* **Task material**
-=-=-=-=-

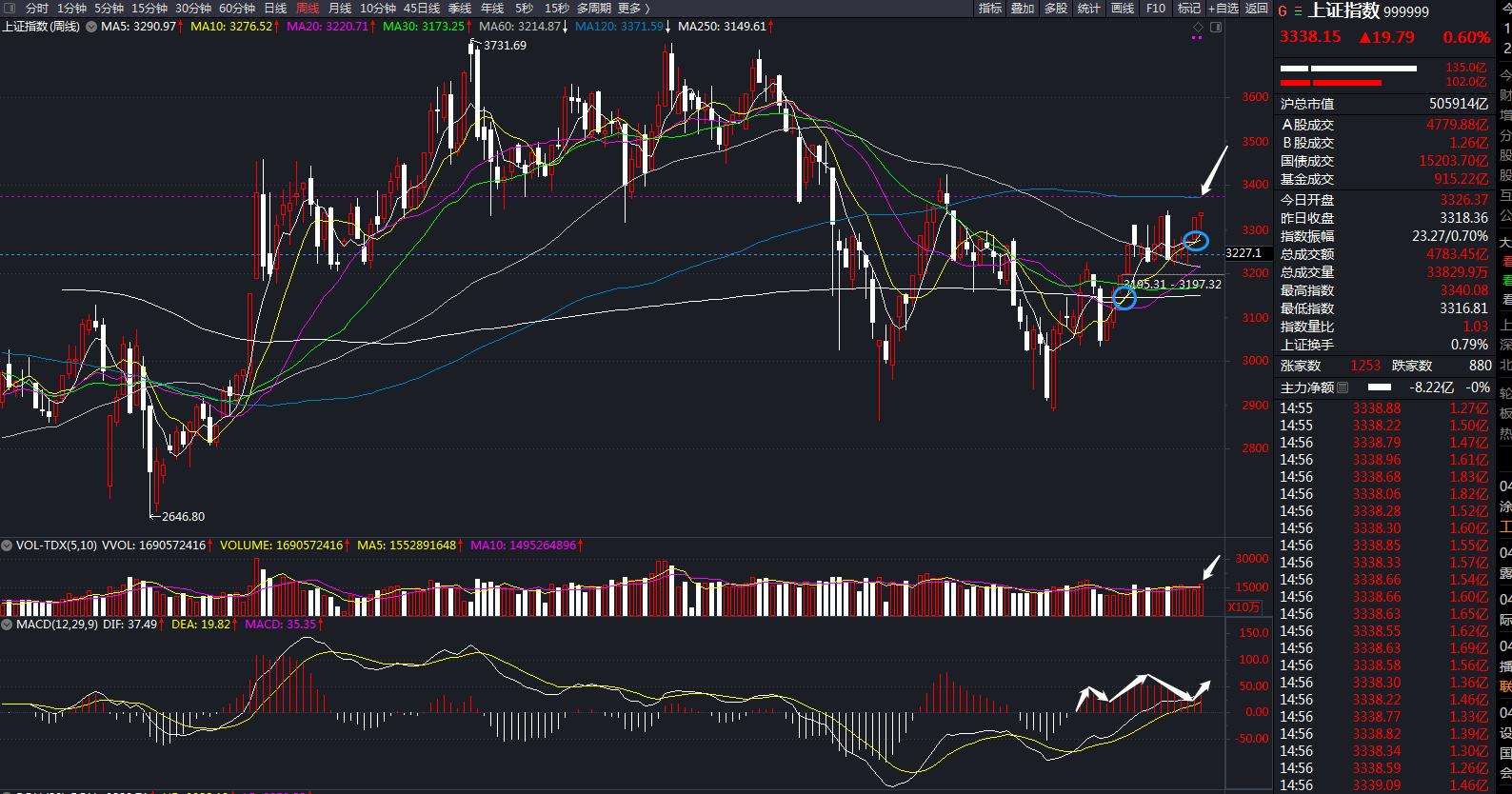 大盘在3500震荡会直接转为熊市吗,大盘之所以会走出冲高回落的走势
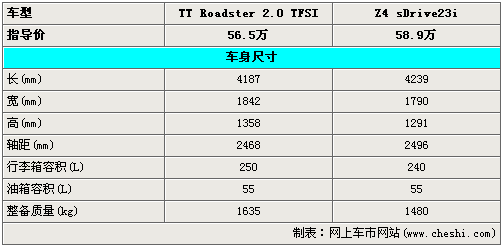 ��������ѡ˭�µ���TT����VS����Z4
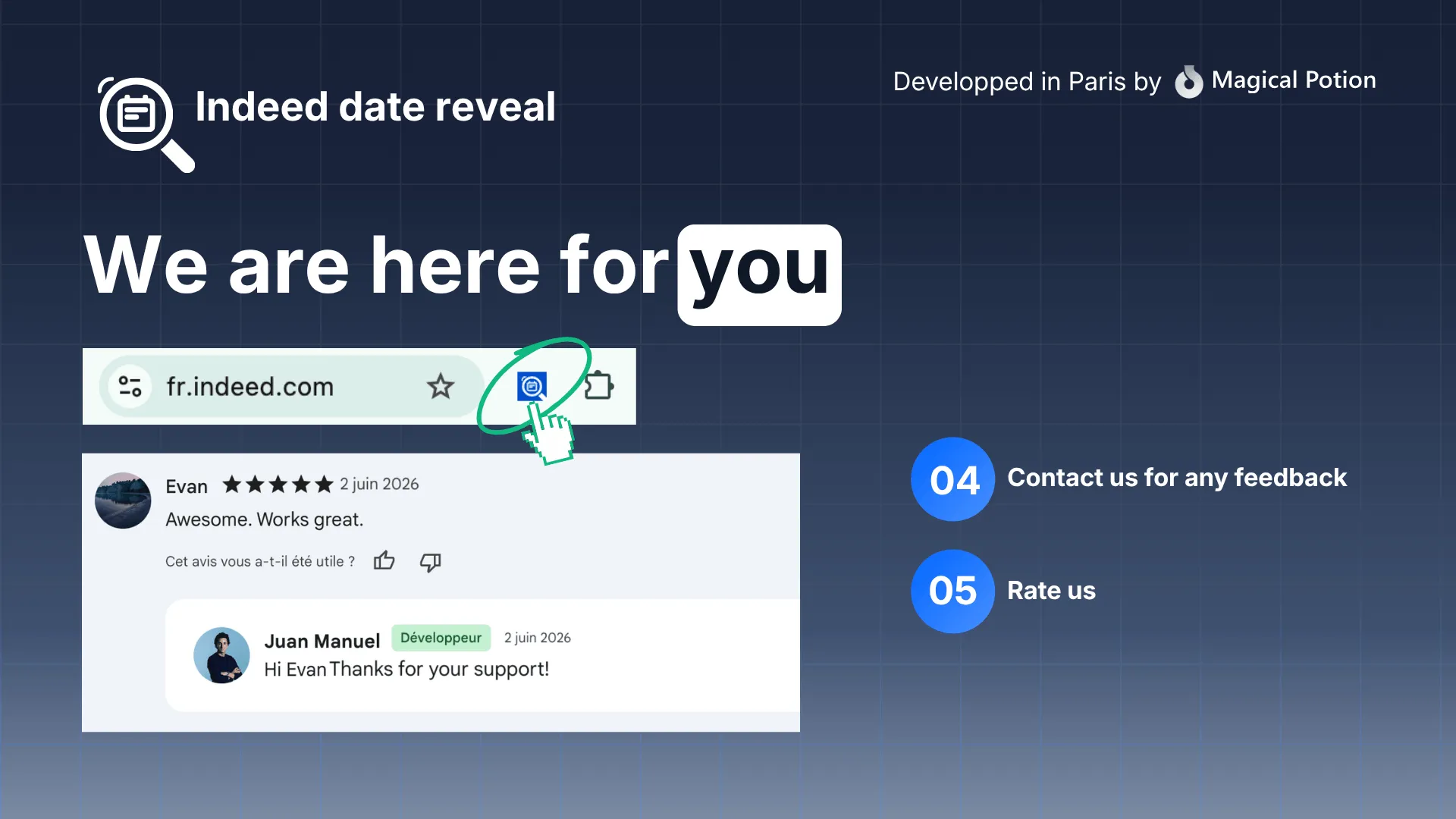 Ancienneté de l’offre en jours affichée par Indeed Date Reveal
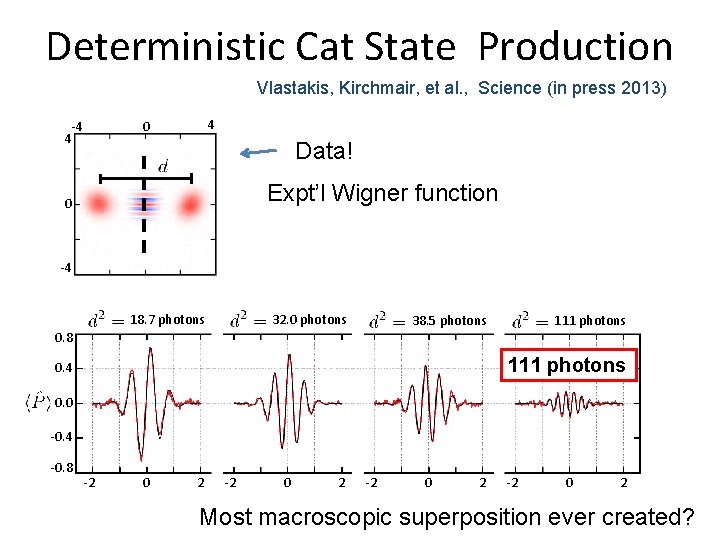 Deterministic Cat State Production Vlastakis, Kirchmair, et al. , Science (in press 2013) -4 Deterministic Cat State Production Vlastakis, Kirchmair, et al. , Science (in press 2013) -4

-=-=-=-=-

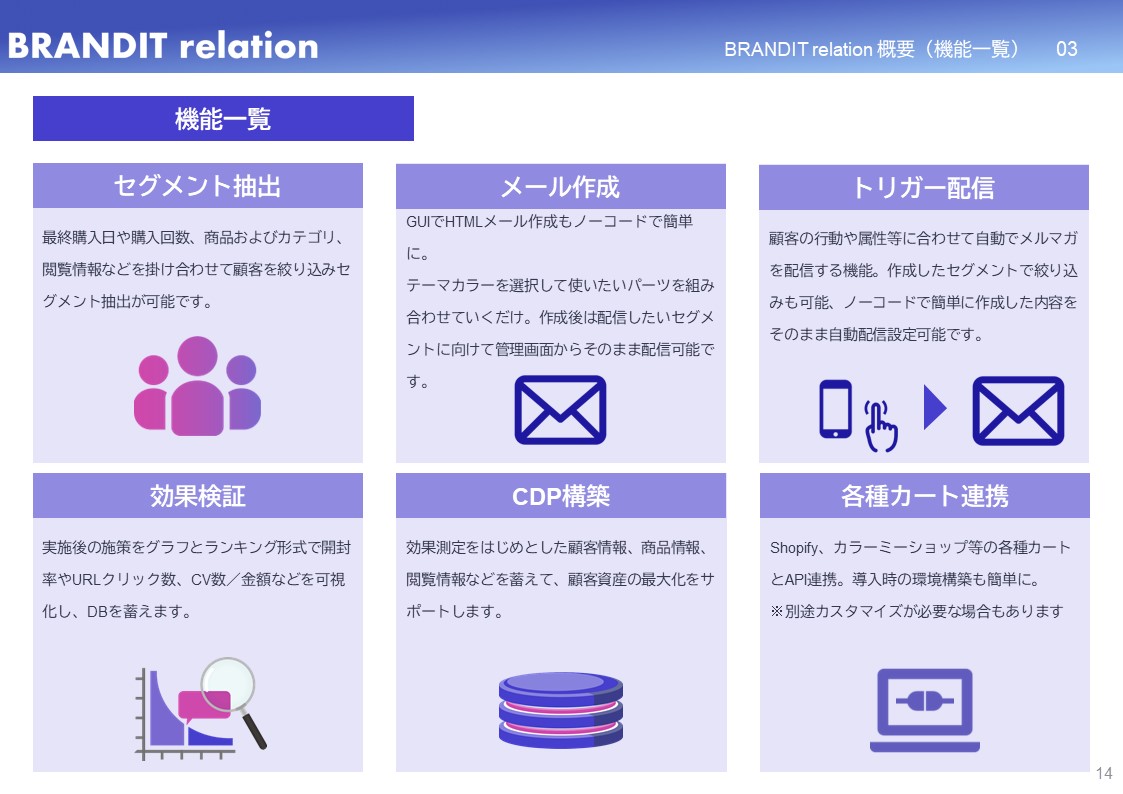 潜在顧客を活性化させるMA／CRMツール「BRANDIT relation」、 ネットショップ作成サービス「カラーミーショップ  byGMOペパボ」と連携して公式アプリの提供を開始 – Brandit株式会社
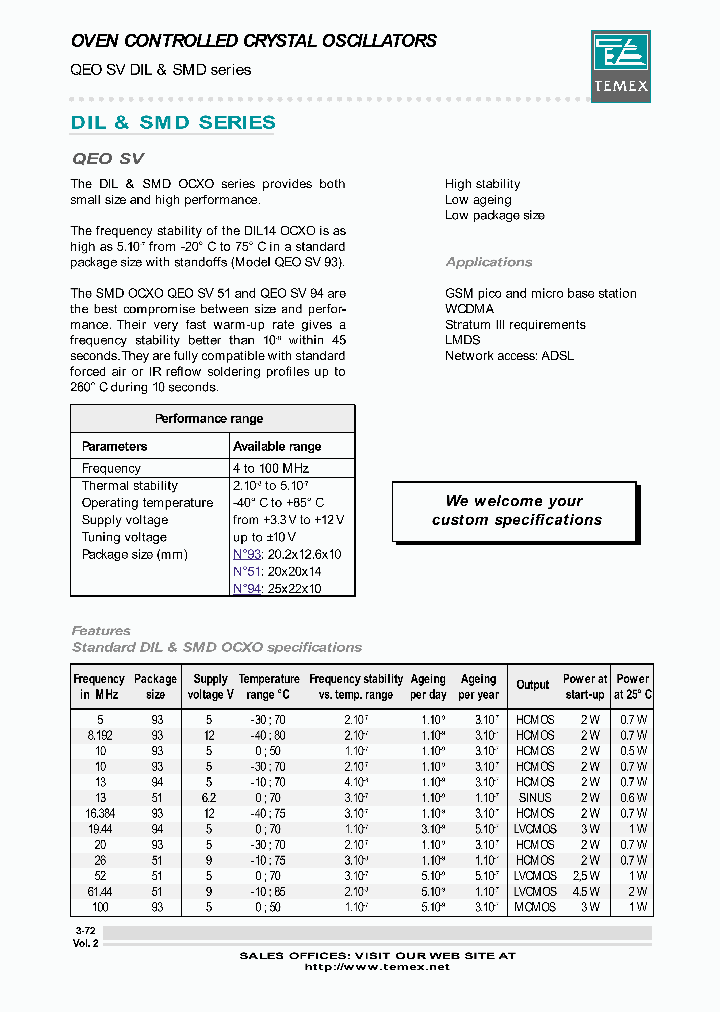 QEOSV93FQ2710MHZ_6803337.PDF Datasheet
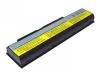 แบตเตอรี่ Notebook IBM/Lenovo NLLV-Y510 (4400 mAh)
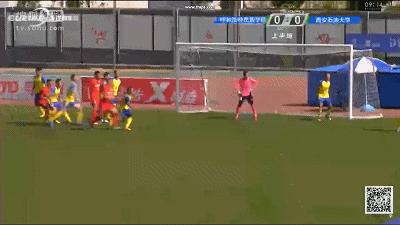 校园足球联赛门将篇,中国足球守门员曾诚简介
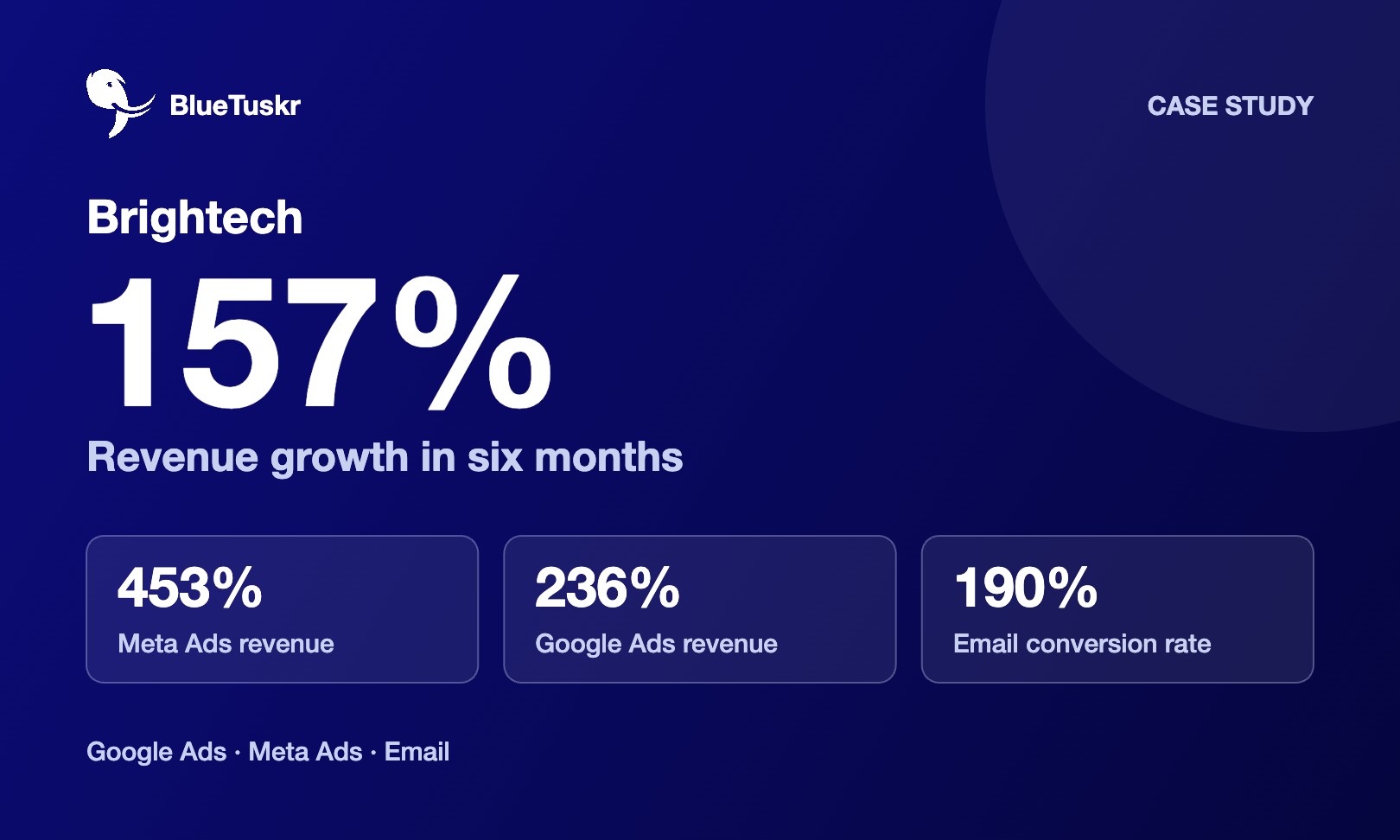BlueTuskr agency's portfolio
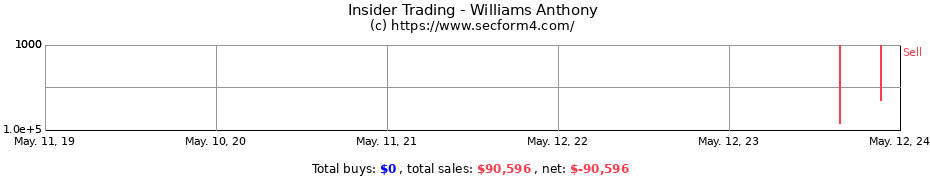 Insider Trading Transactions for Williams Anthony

-=-=-=-=-

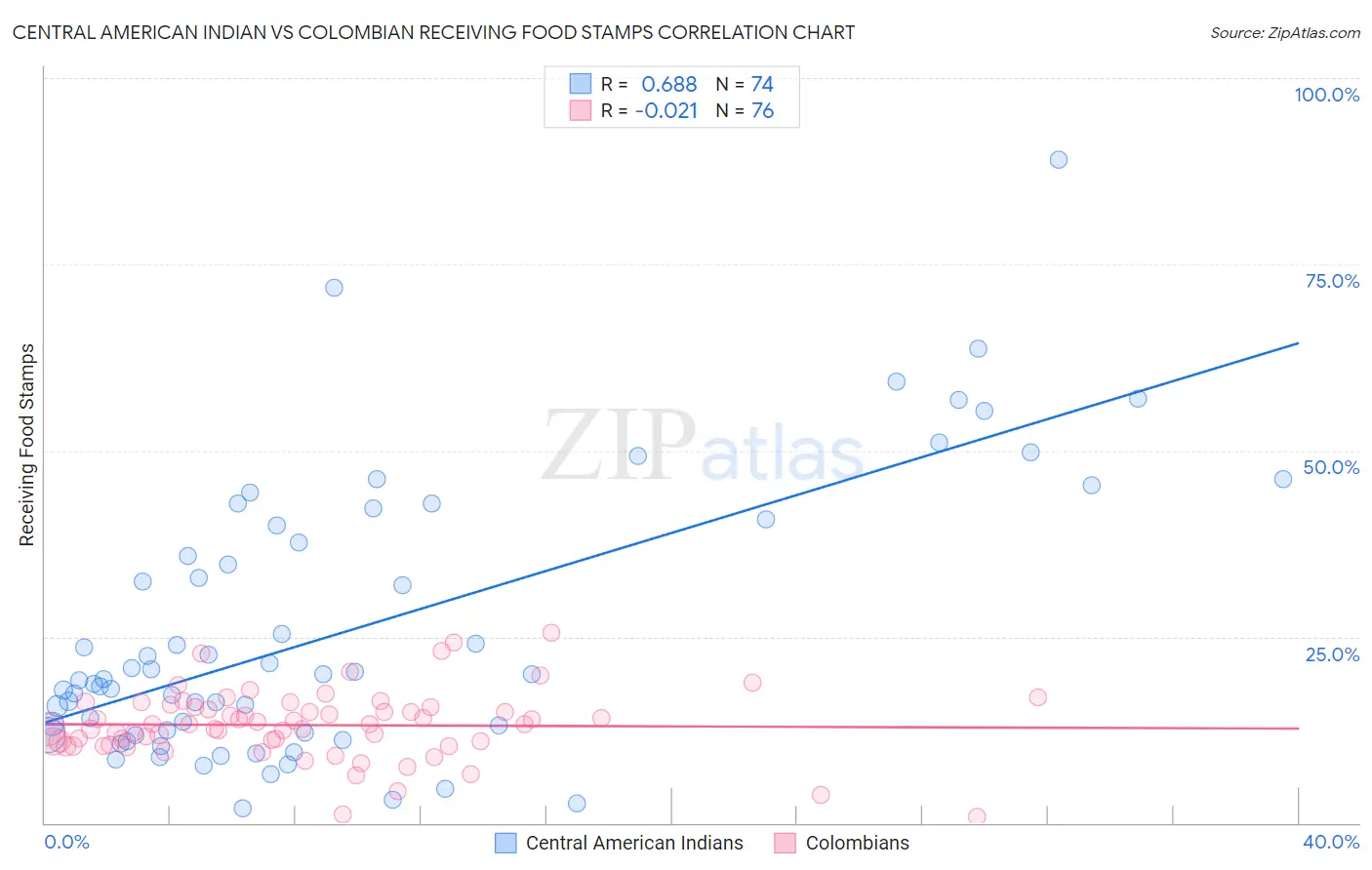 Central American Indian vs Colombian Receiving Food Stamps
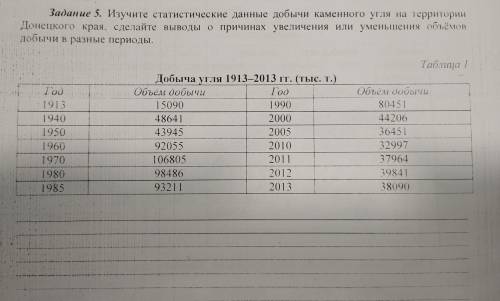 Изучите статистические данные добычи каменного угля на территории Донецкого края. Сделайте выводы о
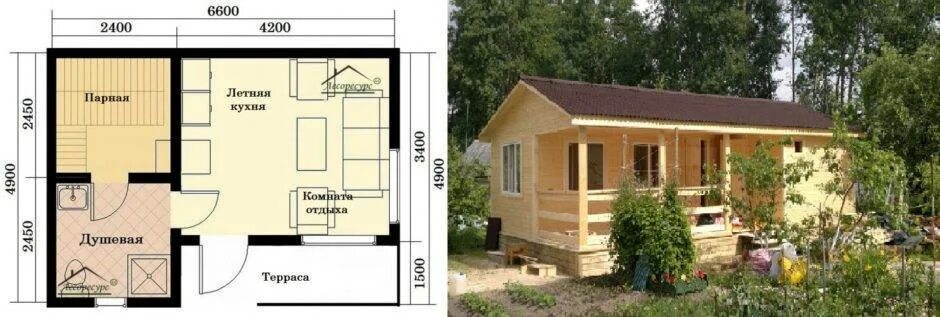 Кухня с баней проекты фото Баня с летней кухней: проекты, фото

-=-=-=-=-

* **To do**
Return the material from the line containing "Изучите статистические данные" through the line containing "Кухня с баней", exactly and in full, but without its pictures.

* **Task solution**
 Изучите статистические данные добычи каменного угля на территории Донецкого края. Сделайте выводы о
 Кухня с баней проекты фото Баня с летней кухней: проекты, фото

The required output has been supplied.